Before we even get to the rest, the film almost immediately adapts one of the genre's worst habits. Henry's profession is central to the story yet seems almost completely arbitrary; every detail, in fact, from the supposed three-week manuscript-to-publication turnaround, to the children's book publisher who works in a series of large, empty, expensive-looking offices surrounded by no other employees at any time, to even the idea that a ringer illustrator can be brought in on short notice but that the temperamental, unpleasant author is irreplaceable (at least as long as the plot requires), rings false.
This incessant clanging would not be so distracting if it weren't accompanied by so many other tired conventions. There's the completely unredeemable cad who somehow manages to serve as a romantic rival (this ex-boyfriend version is played by Martin Freeman), and a mad dash (granted, more impressive than many) to win back the girl.
And these frustrations, in turn, would be routine and maybe even minor if not for the fact that Dedication shows sparks of life almost as often. To the film's credit, Henry is allowed to be a real jerk, not just a movie version of one. During his first meeting with Lucy, he has a long, involved story that starts like one of the writer riffs in Wonder Boys before making an abrupt but calculated turn into cruelty towards his would-be partner. You really believe this girl -- and, in his dysfunctional way, this guy -- might be seriously hurt by this relationship.
That doesn't, however, mean said relationship is fully formed. Theroux's day job is an actor, and based on his endearingly oddball work in films as varied as Mulholland Drive, Charlie's Angels: Full Throttle, and The Baxter, maybe he would've been better off casting himself as Henry. Crudup has proven himself a gifted performer, but he tends to get lost when placed in the romantic-cynic axis, sounding coarse rather than damaged or funny. He's at his best playing characters with a strong element of inscrutability (or "mystique," as another character in Almost Famous put it), and while Henry's past must hold its share of undisclosed pain, Dedication holds focus on his present, which calls on less of Crudup's mercurial reserve.

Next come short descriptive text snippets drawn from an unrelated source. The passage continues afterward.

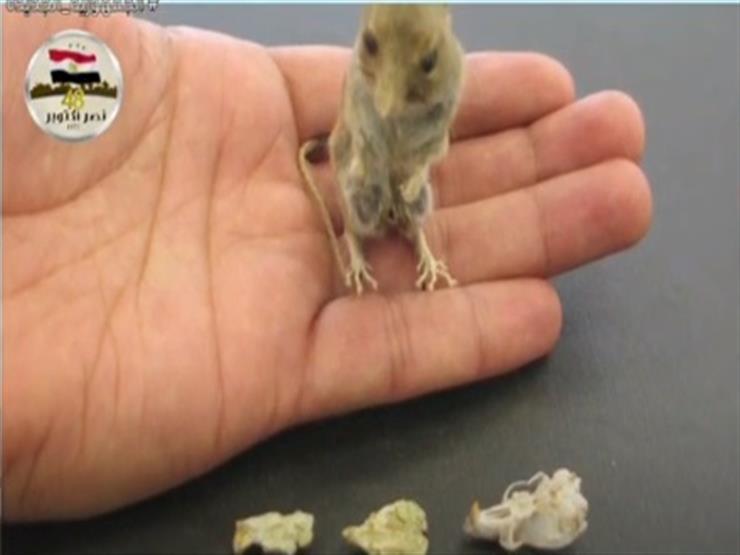 مركز حفريات المنصورة: اكتشاف فأر لم يسجل من قبل في قائمة علم الحيوان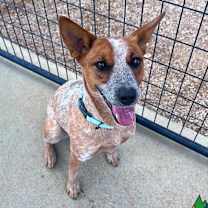 Thumbnail photo of Aspen #1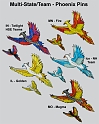 Multi-State-Team_Phoenix_Pins_2010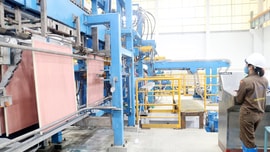 Lào Cai: Không để phát sinh điểm nóng về môi trường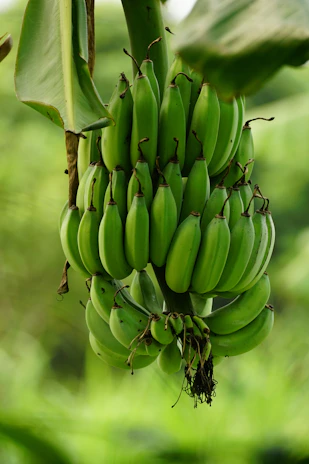 a bunch of green bananas hanging from a tree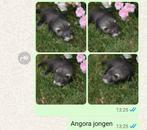 Mooie fretten pups, Meerdere dieren, Voor 1 juli 2024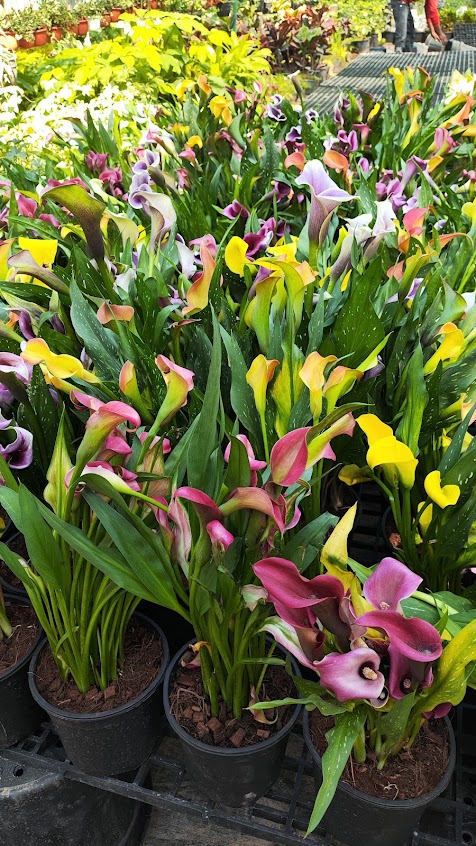 Seasonal flowering pots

Crudup's pairing with Moore almost works, nearly throwing the whole movie back into balance; he's there to keep it indie, while she presumably represents for Hollywood. Poor Moore has given a lot of these performances: game and sweet, an unassuming movie star, in service of a movie that just doesn't work.
Though the script may be the culprit for the mismatched clichés and broad supporting characters (chief among them Dianne Weist as Moore's shrieking mother), it's disappointing that Theroux wasn't able to finesse it into something more nuanced and clear. He's sometimes effective at conveying information through quick visual cues -- we see both Henry's success and persistent loneliness in one quick dissolve from a pre-riches shot of a 13-inch TV in an undecorated apartment to a large flat-screen propped up on the same unkempt floor. But he also accentuates his compositions with distracting flashes of white that may represent Henry's frayed synapses but look more like the transitions from about half of every '90s music video -- another misstep on the line between arty and hacky. Dedication has so many of those; no matter how likable it gets in individual moments, it's almost impossible to admire as a whole.
I dedicate this review to, um, nothing.